Exercise requirements> Leaving out the pictures, return word for word the stretch of entries below from the line holding "Cahiers congolais de communication 2017 N° 1" through the line holding "Sport and Mediatization 1".
Segment Start: Information provided
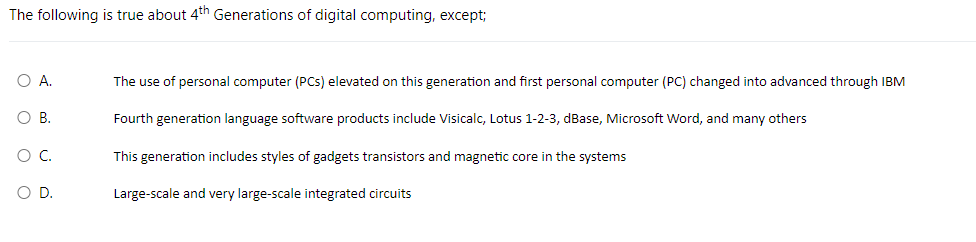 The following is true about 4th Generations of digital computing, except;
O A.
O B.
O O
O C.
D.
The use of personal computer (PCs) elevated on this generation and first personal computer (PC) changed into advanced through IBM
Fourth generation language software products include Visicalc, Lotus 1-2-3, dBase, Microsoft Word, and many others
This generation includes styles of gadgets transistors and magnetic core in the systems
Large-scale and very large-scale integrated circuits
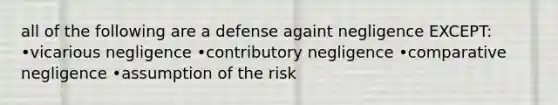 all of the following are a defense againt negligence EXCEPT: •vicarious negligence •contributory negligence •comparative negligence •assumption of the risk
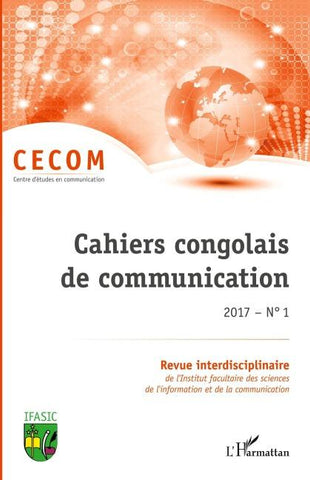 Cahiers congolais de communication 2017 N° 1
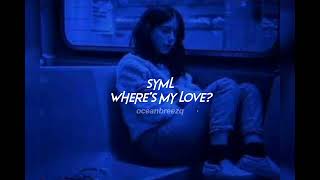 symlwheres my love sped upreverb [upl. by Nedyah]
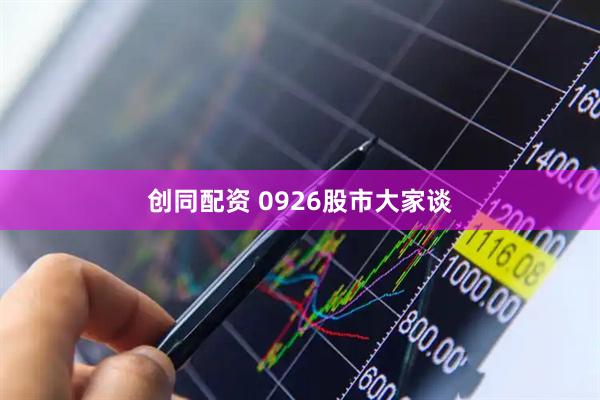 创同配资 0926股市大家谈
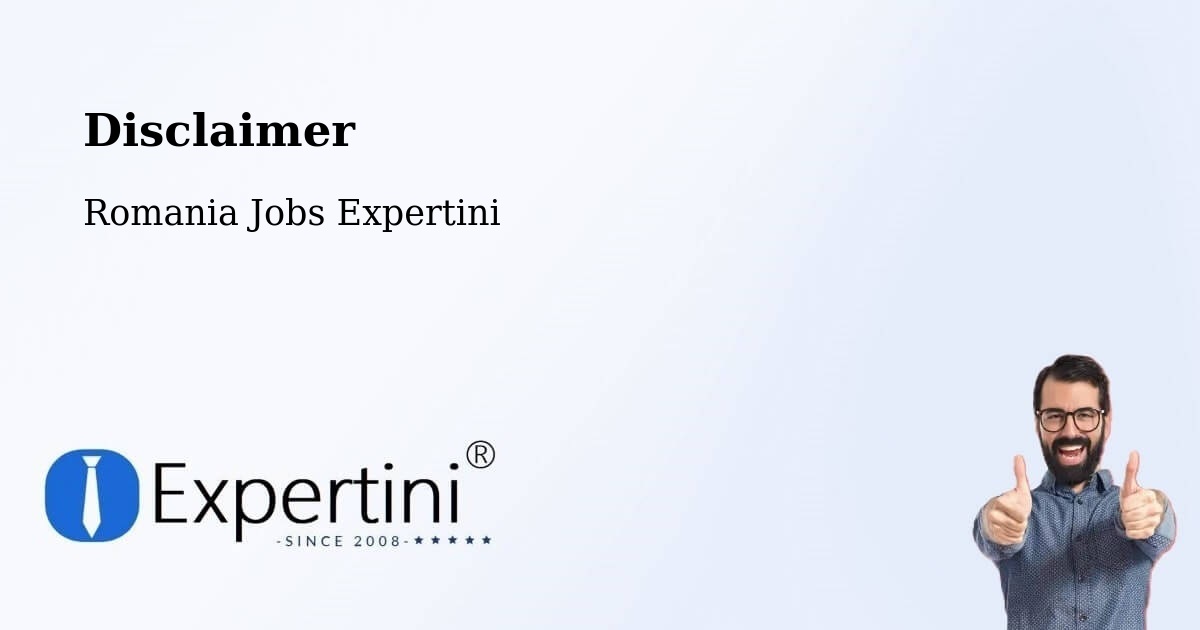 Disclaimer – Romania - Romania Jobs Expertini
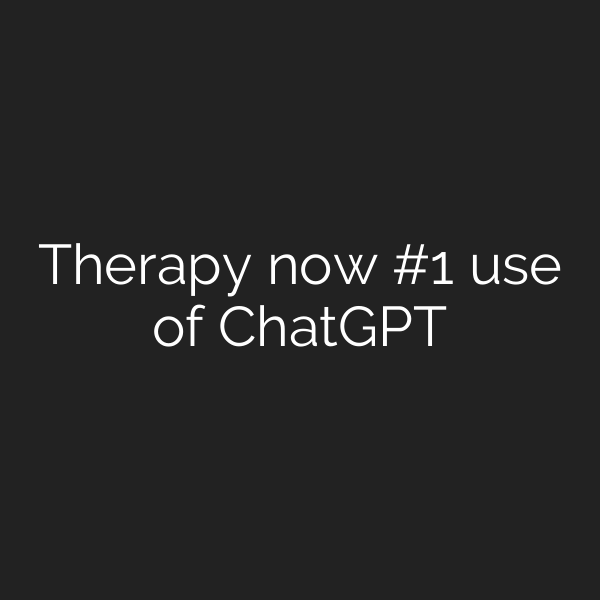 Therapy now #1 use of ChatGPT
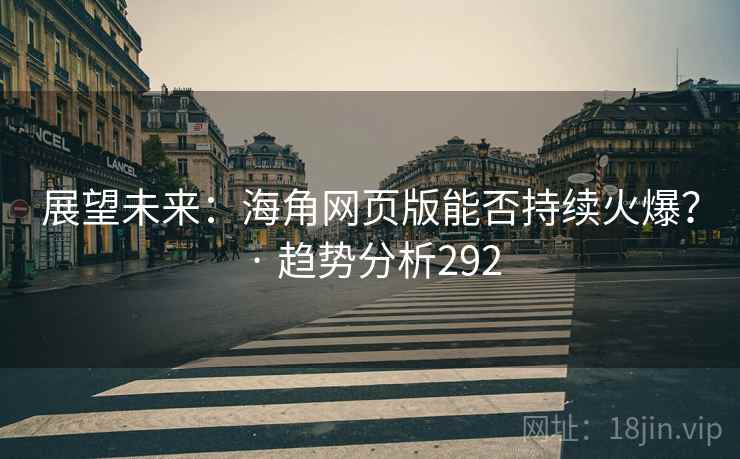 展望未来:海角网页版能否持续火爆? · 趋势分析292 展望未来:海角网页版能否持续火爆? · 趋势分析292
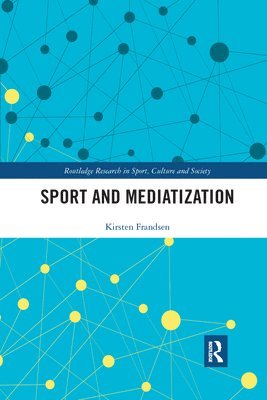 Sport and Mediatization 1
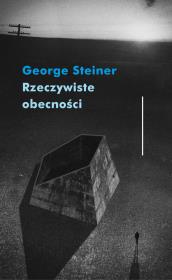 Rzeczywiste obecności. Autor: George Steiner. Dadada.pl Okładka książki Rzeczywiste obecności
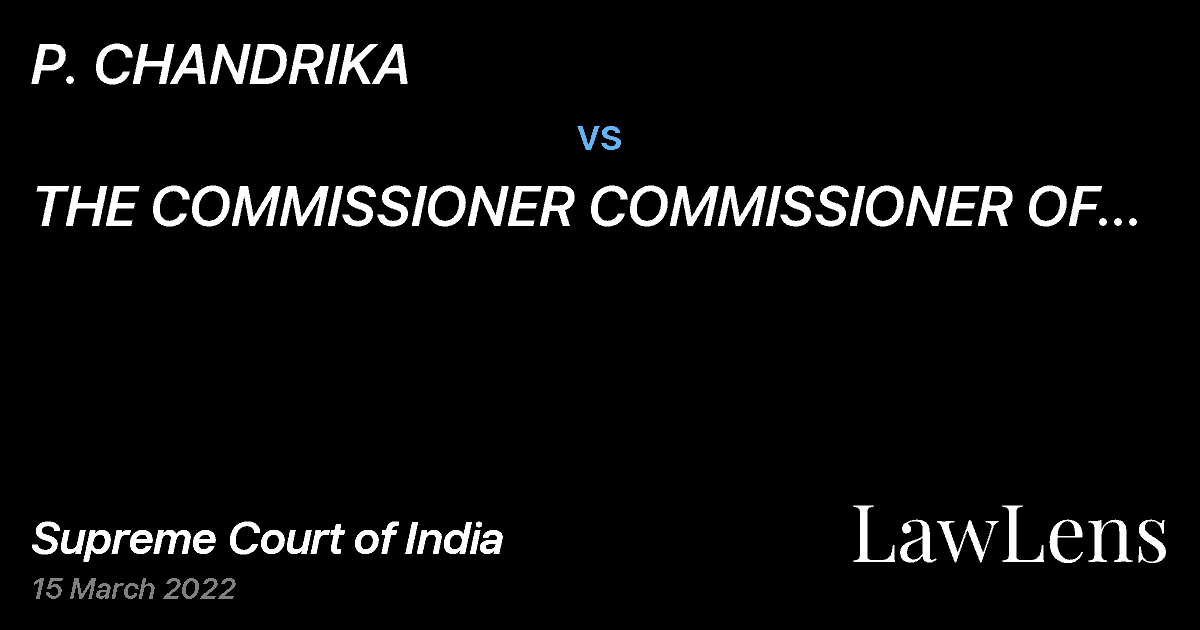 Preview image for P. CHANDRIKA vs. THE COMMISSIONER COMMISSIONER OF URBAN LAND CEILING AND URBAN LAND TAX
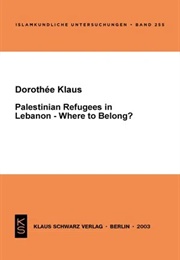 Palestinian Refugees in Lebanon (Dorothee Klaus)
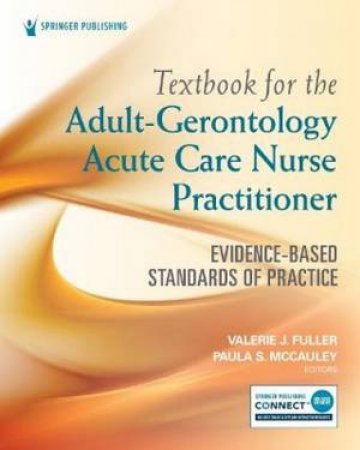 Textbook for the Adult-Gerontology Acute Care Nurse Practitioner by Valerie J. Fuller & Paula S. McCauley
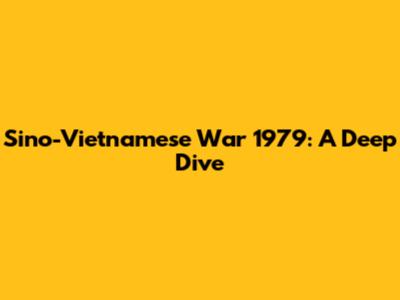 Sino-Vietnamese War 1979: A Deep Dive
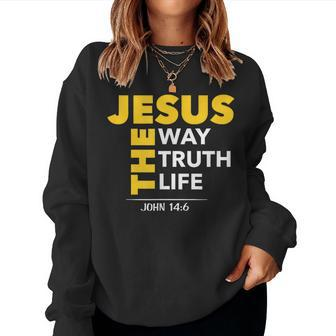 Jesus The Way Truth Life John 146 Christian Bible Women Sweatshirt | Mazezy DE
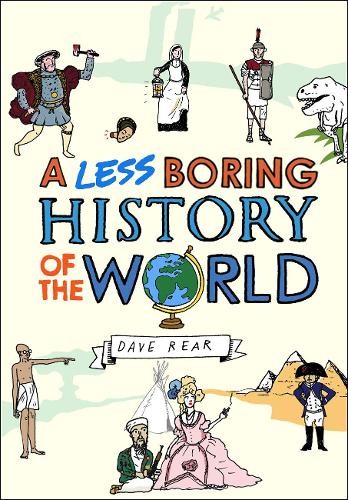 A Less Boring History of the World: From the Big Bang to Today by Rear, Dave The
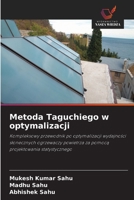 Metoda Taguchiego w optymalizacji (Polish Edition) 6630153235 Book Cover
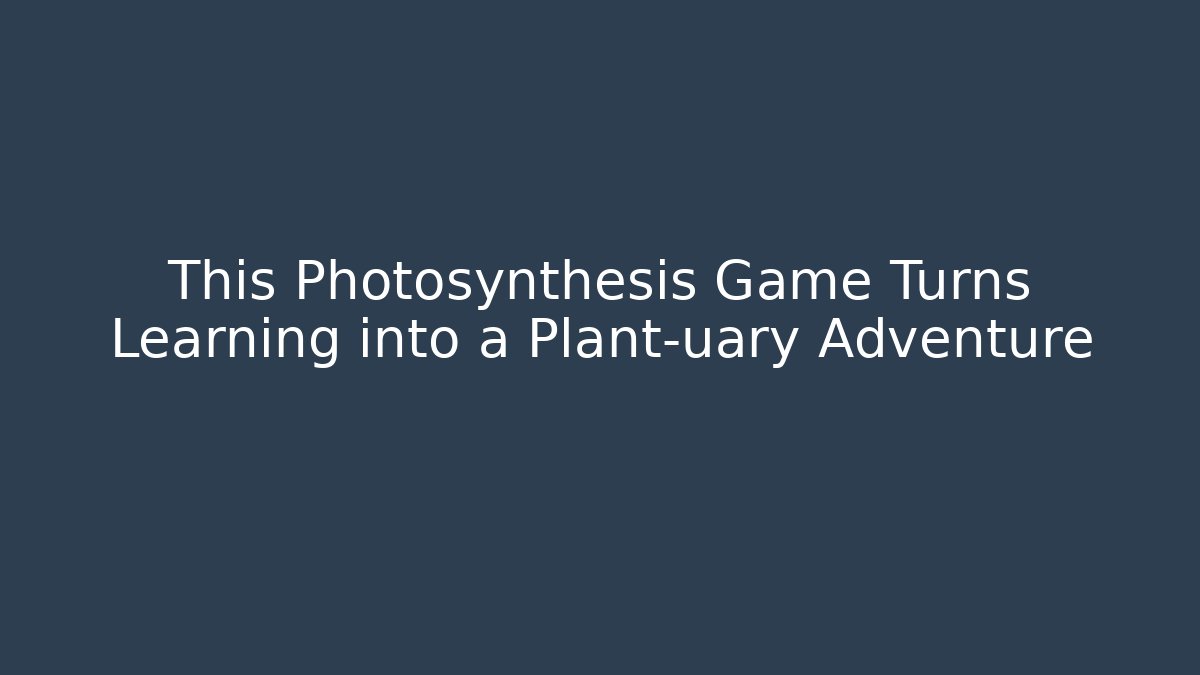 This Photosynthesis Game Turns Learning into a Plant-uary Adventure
Segment End: Information provided
Result below>
 Cahiers congolais de communication 2017 N° 1
 symlwheres my love sped upreverb [upl. by Nedyah]
 创同配资 0926股市大家谈
 Disclaimer – Romania - Romania Jobs Expertini
 Therapy now #1 use of ChatGPT
 展望未来:海角网页版能否持续火爆? · 趋势分析292 展望未来:海角网页版能否持续火爆? · 趋势分析292
 Sport and Mediatization 1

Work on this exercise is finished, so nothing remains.